“Oh there’s no place like home for the holidays.” As I write this, I am on my way back to Georgia after visiting our family in Missouri for Thanksgiving. Ironically, I call both of these places “home”. I remember my mother-in-law getting on to my husband the first time he referred to college as “home”. “This will always be your home,” she said. And it is, yet it isn’t.
People say, “Home is where you hang your hat,” and “Home is where your heart is.” But what makes a place your home? And why do we become so nostalgic about home at the holiday season? I believe God put the concept of home in our hearts to prepare us for our ultimate home: heaven.
Reflections on Home:
1. We all want a place to call home.
Since getting married, I have moved a lot: a minimum of 11 homes and 7 towns in 20 years. From time to time, I reflect on where my home is: if I died now, where would I be buried? (Morbid, but true.) Where will our kids want to come back to after college? Have I put down roots anywhere? At times, I feel like a nomad settling in, collecting memories, packing up, and then moving on to the next place.
God in the Old Testament created for Himself a people in need of a permanent home. From the time he called Abraham to “go to a place…not knowing where he was going” (Hebrews 11:8), God’s people were essentially homeless. After hundreds of years and many providential events, God led His people out of Egypt and their wilderness wanderings into the Promised Land. The Israelites were a people who understood longing for home.
2. We should welcome others into our homes.
The idea that the Israelites should obey God and treat strangers with kindness because He led them to this Promised Land is a major theme throughout the Old Testament. Look at the Ten Commandments in Exodus 20:2: “I am the Lord your God who brought you out of the land of Egypt.” God prefaces His laws with a reminder of the hospitality He showed the Israelites. In Leviticus 19:33-34 the Bible says, “When a stranger resides with you in your land, you shall not do him wrong. The stranger who resides with you shall be as the native among you, and you shall love him as yourself, for you were aliens in the land of Egypt; I am the Lord your God.” Earlier in the same chapter, we read about the laws of leaving some grain for the poor to glean, the laws that Boaz practiced to save the poor widows, Ruth and Naomi.
Christians owe an even greater debt than the Israelites.

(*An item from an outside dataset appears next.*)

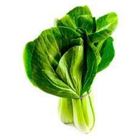 Picture of BOK CHOY 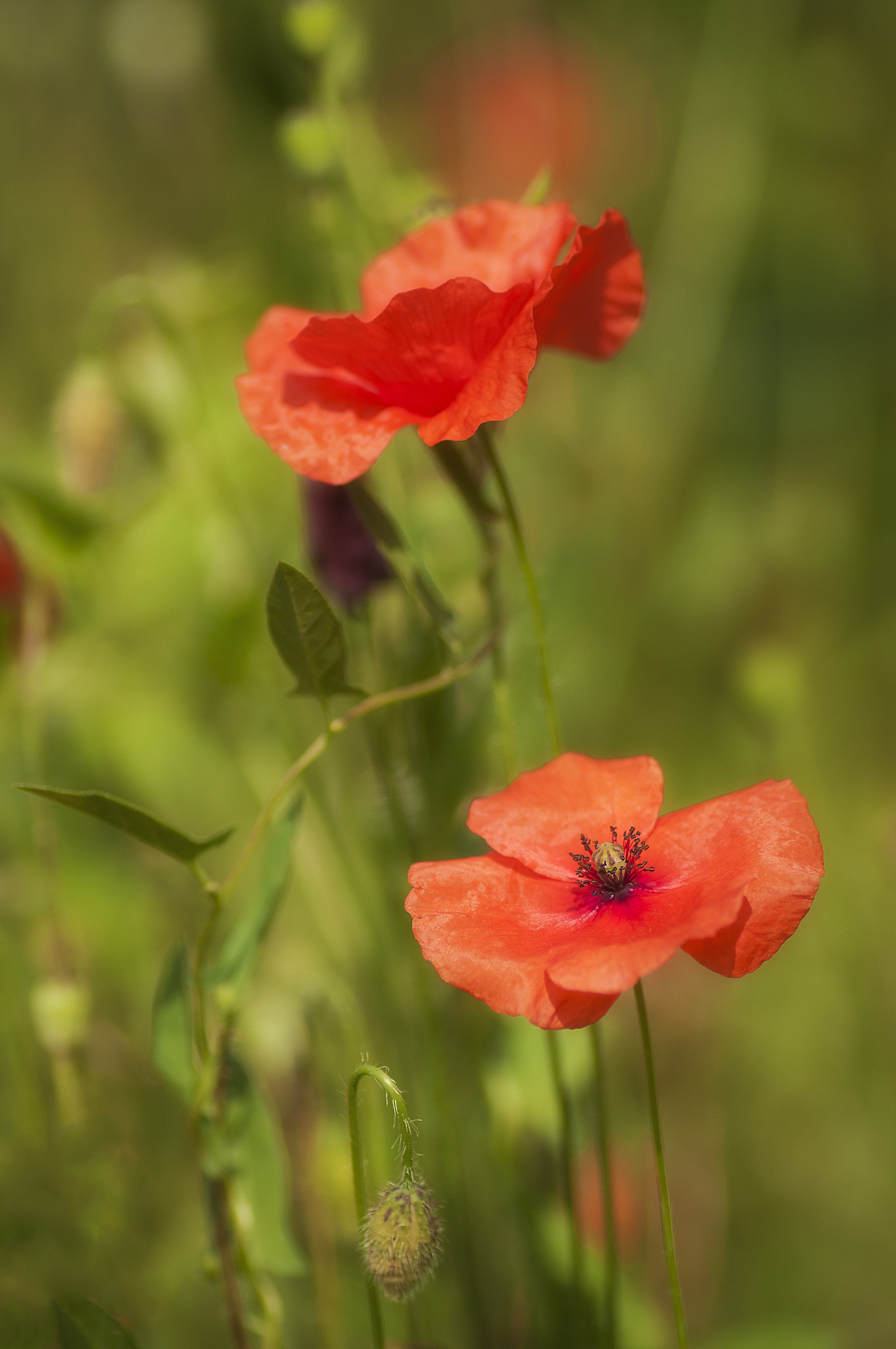 The colors of summer ...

In Ephesian 2, Paul describes how Christians were once strangers, separated from God, “having no hope”, until God sent his Son to save us. When we consider all that God has done for us, how can we be selfish with our gifts? “Every good and perfect gift is from above” (James 1:17). This includes sharing our most valuable earthly possessions God has given us: our homes. When was the last time you invited someone into your home to share your time, fellowship or a meal? More importantly, when was the last time you had someone in your home to share your greatest gift: the way to salvation?

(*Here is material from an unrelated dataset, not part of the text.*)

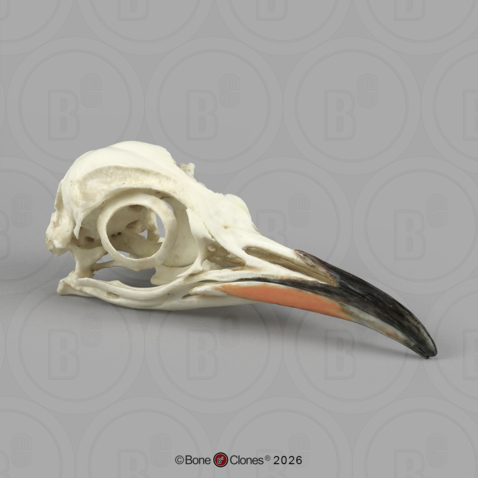 Emperor Penguin Skull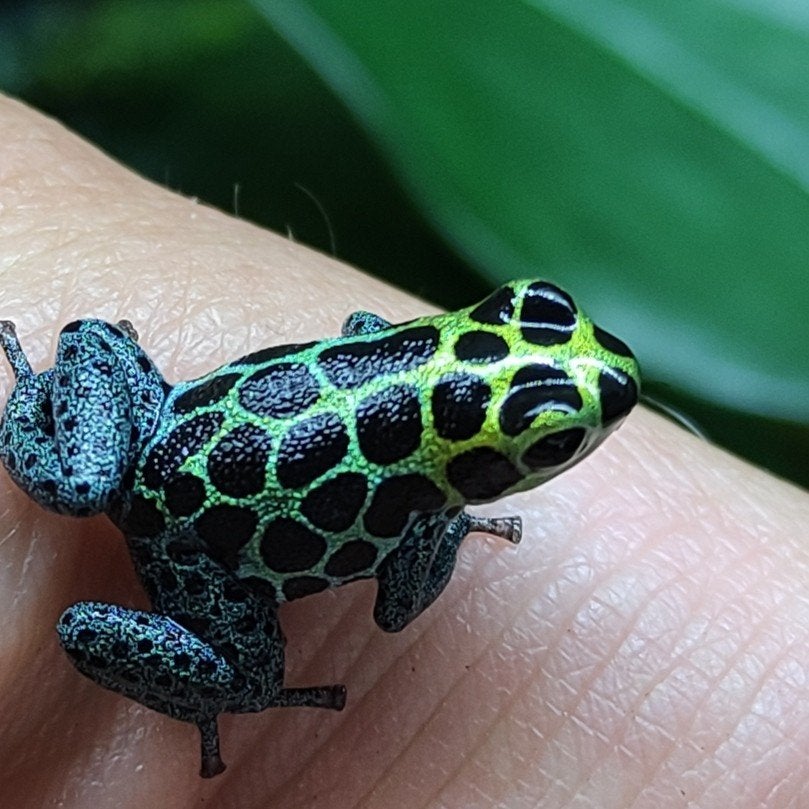 Ranitomeya imitator 'Cainarachi'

3. We should look for our forever home.
Oh, HGTV, how you have spoiled us by normalizing unrealistic expectations for our homes. All we want is a spa-like master bath, a hotel chic master bedroom, a bedroom for each child with one or two to spare, home offices, home media rooms, gourmet kitchens, magazine cover living rooms, and open floor plans with great sight lines from room to room. And we deserve it because our families need retreats from the world. Besides, we can justify the expense when this is our “forever home”. I mean, if I am going to live here until my kids are grown and gone, then I need to have everything exactly how I want it regardless of the cost. Otherwise, I might be unsatisfied or discontented.

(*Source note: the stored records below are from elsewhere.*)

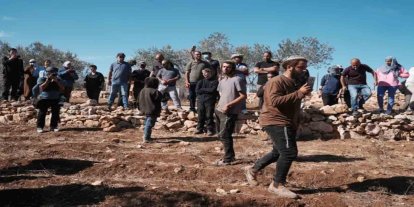 BM: Batı Şeria'da yerleşimci saldırıları alarm verici seviyeye ulaştı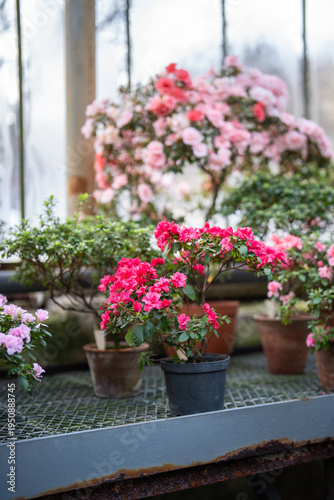 Wallpaper Mural Collection of various azalea blooming in glasshouse. Blossoming small rhododendron bush in pot in greenhouse in spring time.  Torontodigital.ca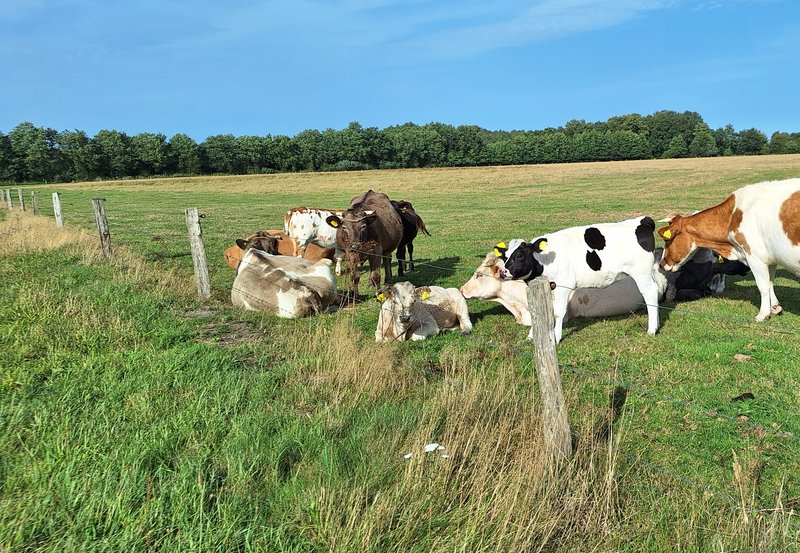 09-09-26 Koeien en kalfjes van Boerderij Hooghei aan de Molenpaal. Foto: Anneke Orsel Onstwedde.info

Yet Scripture tells us to “store up for yourselves treasures in heaven, where neither moth nor rust destroys, and where thieves do not break in or steal; for where your treasure is, there your heart will be also” (Matthew 2:20-21). How easy it is to be distracted from our true goals in this life! As Christians, we already have the perfect forever home waiting for us in heaven (1 John 2:17, Philippians 3:20, 1 Peter 1:4). God wrote it on our hearts. “For here we do not have a lasting city, but we are seeking the city which is to come” (Hebrews 13:14).
Why are we so enamored with the concept of “home”? Why do I drive 12+ hours to southeast Missouri multiple times of year? Why did the Israelites cling to the promise of a “land flowing with milk and honey” through slavery, and hardships and wandering? I believe it is as God intended. He shows us His abundant hospitality to motivate us to be hospitable to others so that, ultimately, we all might have an eternal home with Him in heaven. “In My Father’s house are many dwelling places; if it were not so, I would have told you; for I go to prepare a place for you.If I go and prepare a place for you, I will come again and receive you to Myself, that where I am, there you may be also.And you know the way where I am going.”